I believe it was Greddy that was playing with a Twin Turbo set up.


----------



## Guest (Dec 9, 2002)

it is more than likely that they will not bring the turbo version but a v8 versione is probable


----------



## Spec V Tuner (Nov 8, 2002)

i have seen the greddy TT z...it's yellow, but it is not running yet.


----------



## 3-fity (Nov 1, 2002)

I have heard rumors that Motor Trend said there will be a turbo version in late 2004, but I haven't been able to check it out for myself yet.


----------



## Spongerider (Nov 18, 2002)

Spec V Tuner said:


> *i have seen the greddy TT z...it's yellow, but it is not running yet. *


Actually it's blue and it's running. It took them 3 weeks to design and make this sytem, impressive! Last I heard it made 350 rwhp. and more tunning to come


----------



## Spec V Tuner (Nov 8, 2002)

well they had a yellow one at HIN. That must have been a show car. HKS is working on a TT setup as well.
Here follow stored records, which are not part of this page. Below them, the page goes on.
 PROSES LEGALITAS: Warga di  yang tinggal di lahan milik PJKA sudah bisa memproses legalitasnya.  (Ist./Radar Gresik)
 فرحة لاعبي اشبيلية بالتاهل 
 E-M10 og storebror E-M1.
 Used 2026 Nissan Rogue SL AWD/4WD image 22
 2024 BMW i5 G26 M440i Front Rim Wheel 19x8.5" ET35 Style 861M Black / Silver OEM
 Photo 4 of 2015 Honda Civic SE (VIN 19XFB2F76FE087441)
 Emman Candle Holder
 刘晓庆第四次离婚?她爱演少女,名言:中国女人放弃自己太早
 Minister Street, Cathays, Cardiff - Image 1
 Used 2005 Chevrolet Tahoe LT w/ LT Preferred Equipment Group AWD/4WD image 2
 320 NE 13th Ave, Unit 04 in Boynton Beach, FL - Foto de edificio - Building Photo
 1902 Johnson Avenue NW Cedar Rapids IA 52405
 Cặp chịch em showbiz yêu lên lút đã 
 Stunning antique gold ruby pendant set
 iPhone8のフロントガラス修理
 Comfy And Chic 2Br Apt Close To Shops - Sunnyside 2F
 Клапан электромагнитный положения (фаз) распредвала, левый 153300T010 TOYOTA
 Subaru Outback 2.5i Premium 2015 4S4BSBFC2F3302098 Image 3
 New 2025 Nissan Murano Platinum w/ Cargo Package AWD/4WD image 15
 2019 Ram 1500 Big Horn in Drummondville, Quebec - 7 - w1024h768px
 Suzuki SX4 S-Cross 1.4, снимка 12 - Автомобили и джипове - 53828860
only a 100 whp jump with two turbos? i am asking this cause I am not that familiar with TT setups.


----------



## Spongerider (Nov 18, 2002)

Are yopu sure it wan't the Axis Z33 it had a fake FMIC? I saw that one at the SEMA show as well as the Greddy on at their booth.


----------



## Spec V Tuner (Nov 8, 2002)

no it was greddy. It had greddy all over it, hood was up you could see the turbos...had the big greddy intercooler


----------



## Spongerider (Nov 18, 2002)

Spec V Tuner said:


> *no it was greddy. It had greddy all over it, hood was up you could see the turbos...had the big greddy intercooler *


Cool, do you know of anybody who took pics of the yellow Z33?


----------



## Spec V Tuner (Nov 8, 2002)

they were passed around on b15sentra. I'd have to do a search to see it.


----------



## Spongerider (Nov 18, 2002)

Spec V Tuner said:


> *they were passed around on b15sentra. I'd have to do a search to see it. *


Thanks dude!


----------



## Spec V Tuner (Nov 8, 2002)

not a problem


----------